江戸時代以前の橋は、建設費を安くするためと技術的な問題から、多くは両岸の土手を張り出して橋の部分を短くしました。橋詰広場は、その土手の造成で生じた空きスペースだったのですが、街中の貴重な公共広場として活用されました。
東京の日本橋の橋詰広場はその代表例ですが、東海道の起点、舟運の拠点として賑わった日本橋の橋詰広場はその情景が描かれた時代時代の浮世絵からその変遷を知ることができます。江戸初期の寛永年間の浮世絵には、町民や旅人が行き交う中、大道芸人や辻説法の僧侶が描かれ、幕府の禁令などを掲示する高札場(こうさつば)も置かれていたことがわかります。それが後期の天保年間になると、橋の通行の取り締まり、警護や清掃にあたる番人の詰め所である番屋、火事や泥棒を知らせる半鐘(はんしょう)などの公共施設のほかに、床見世、露天、茶屋などが軒を連ね、江戸の町の発展とともに中心地日本橋も賑わいを増していったことが見て取れます。
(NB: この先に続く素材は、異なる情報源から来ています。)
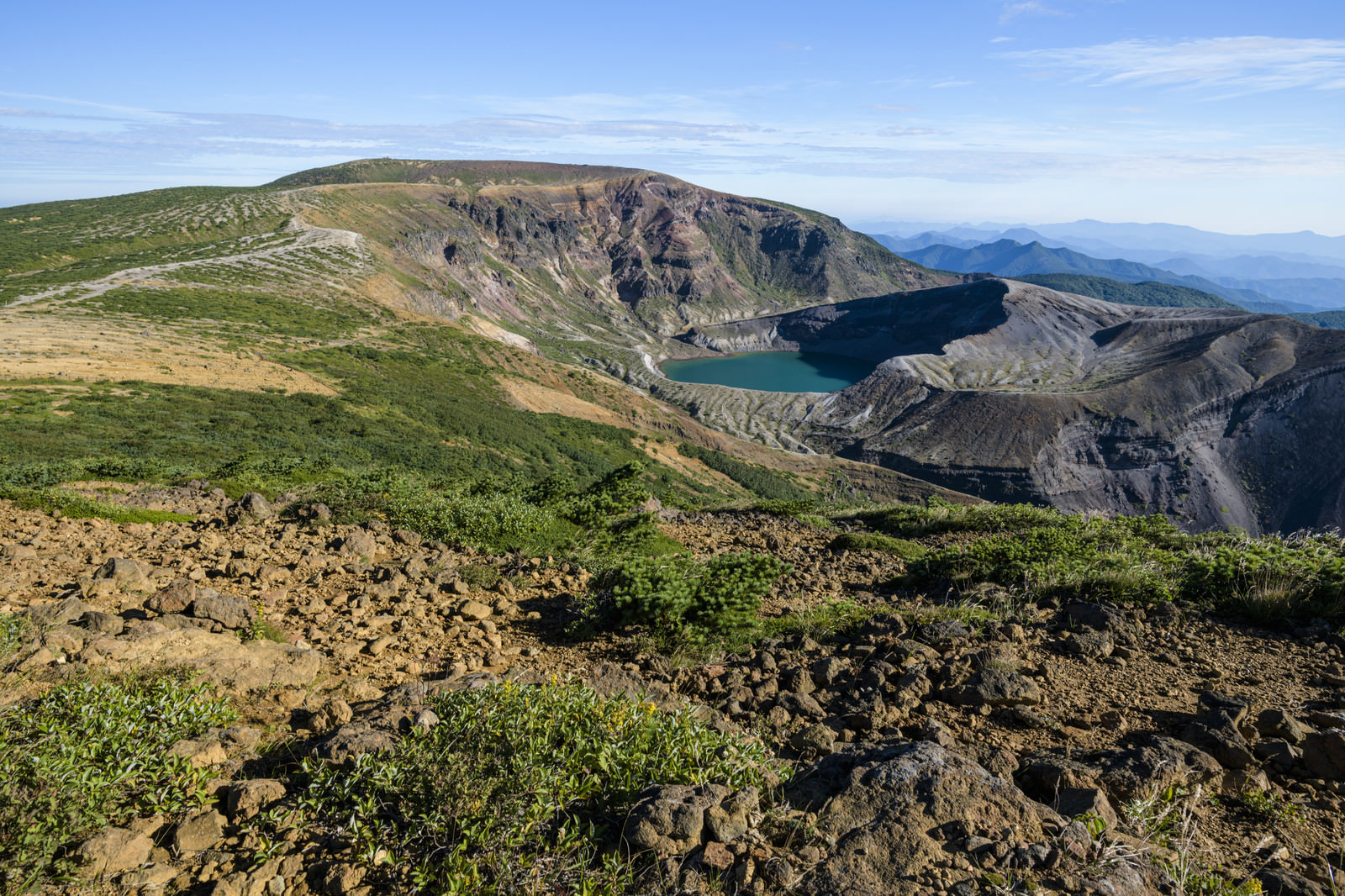 晴天の蔵王の御釜 蔵王山 の写真素材 ぱくたそ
ところで、橋の架設費用の節約のために、道路よりも橋の幅を狭めるという手法もしばしば取られました。
実は地図上の橋の記号 注1)は、道路との接続部分で広がっている橋の形状を表しています。
ちなみに、郵便局の地図記号「〒」は、戦前、郵便行政を所管していた逓信省(ていしんしょう)の頭文字「テ」を記号化したもので、消防署の地図記号注2)は、火消しの道具の刺又(さすまた)からきています。
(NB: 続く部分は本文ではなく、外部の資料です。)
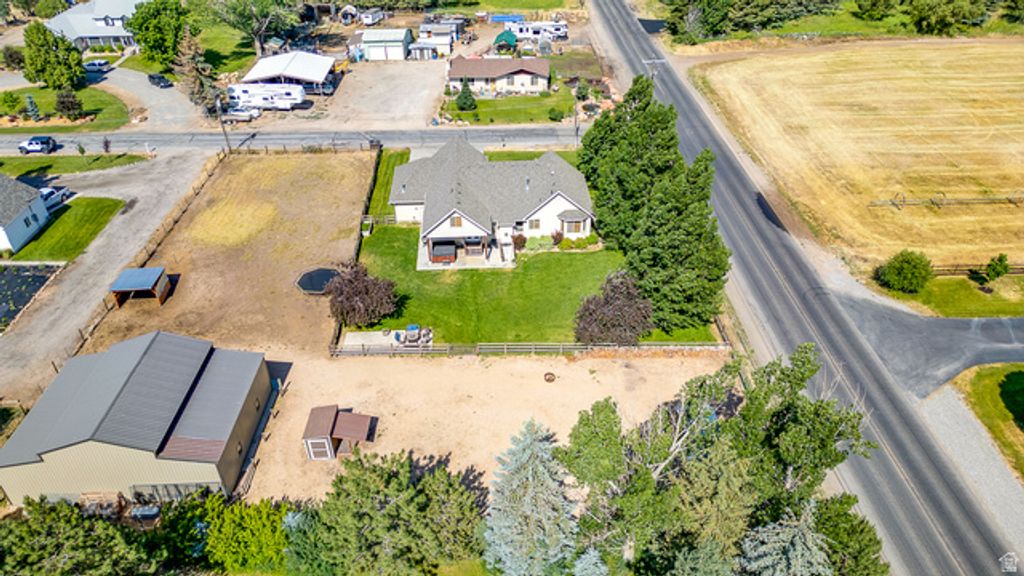 Image 70 of property listing at 3035 S BIG HOLLOW RD, Heber City, UT 84032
江戸の名残りがこんなところに残っているというのは面白いですね。
注1)橋の地図記号
注2)消防署の地図記号
さて、この町の賑わいの中心だった橋詰広場ですが、明治時代になるとその様相が一変します。明治政府が橋詰広場での店の設置を禁止したのです。その上、工法も進化し、道路と同じ幅の長い橋を安く簡単に架けられるようになり、工事で橋詰に空地が生じることもなくなったのです。
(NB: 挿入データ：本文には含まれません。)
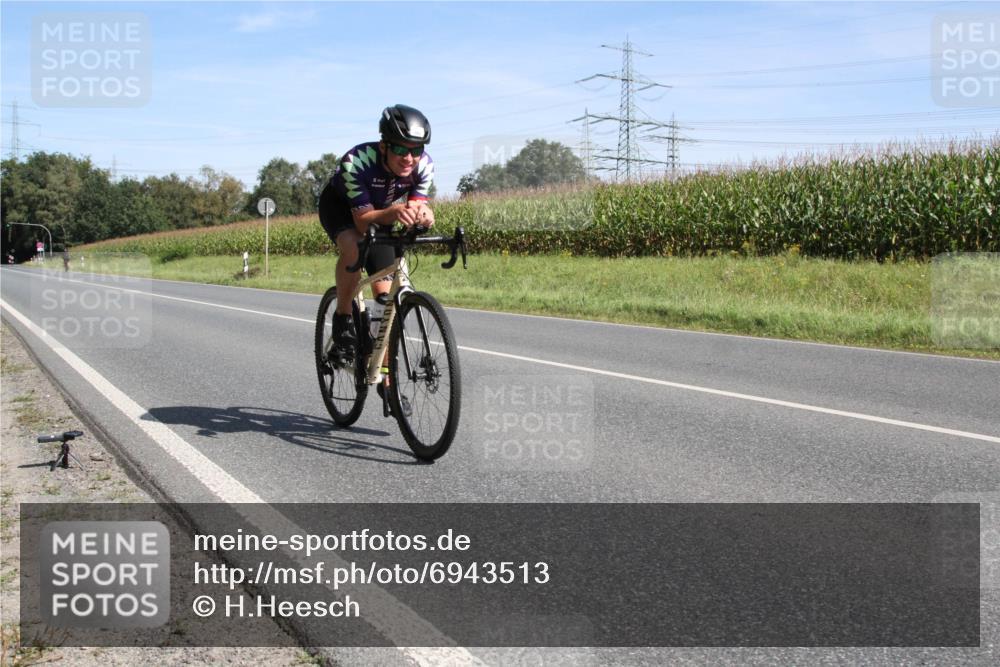 01.09.2024 - 17. Tribühne Triathlon H.Heesch http://msf.ph/oto/6943513 01.09.2024 11:34:50 Radfahren 308, 322, 428, 521 meine-sportfotos.de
しかし、1923(大正12)年に発生した関東大震災は、災害時の橋詰広場の役割を再評価する契機となりました。災害時対応、治安という観点から、陸と川の交通の要所となる橋詰広場のポテンシャルが再評価され、東京の震災復興計画ではひとつの橋に対して、原則として4か所の橋詰広場を設置することが制度化されました。具体的には、一次避難所としての利用やポンプ、防災倉庫、公衆トイレといった災害時に必要な施設を設置するほか、治安の要となる交番が設けられることになりました。そして戦後、橋詰広場の多くは公園として整備されるようになりますが、1958(昭和33)年の法改正で制度が廃止されてしまいました。これがなぜ東京の下町に橋詰広場が多いかという理由ですが、いわば橋詰広場は、江戸から戦前にかけての町の歴史を語る生き証人とも言えそうですね。
近年、都市に残された貴重な自然資源として川が注目されています。川に近づける親水護岸を整備して、川辺を楽しく散策できるルートが各地でつくられるようになりました。
橋詰広場は、その歴史的な価値を大切にする必要があることは言うまでもありませんが、昨今、全国の都市で進められている「水と緑のネットワークづくり」においても、その現代における価値を再認識して、ひとつの拠点施設として整備を進めて欲しいものです。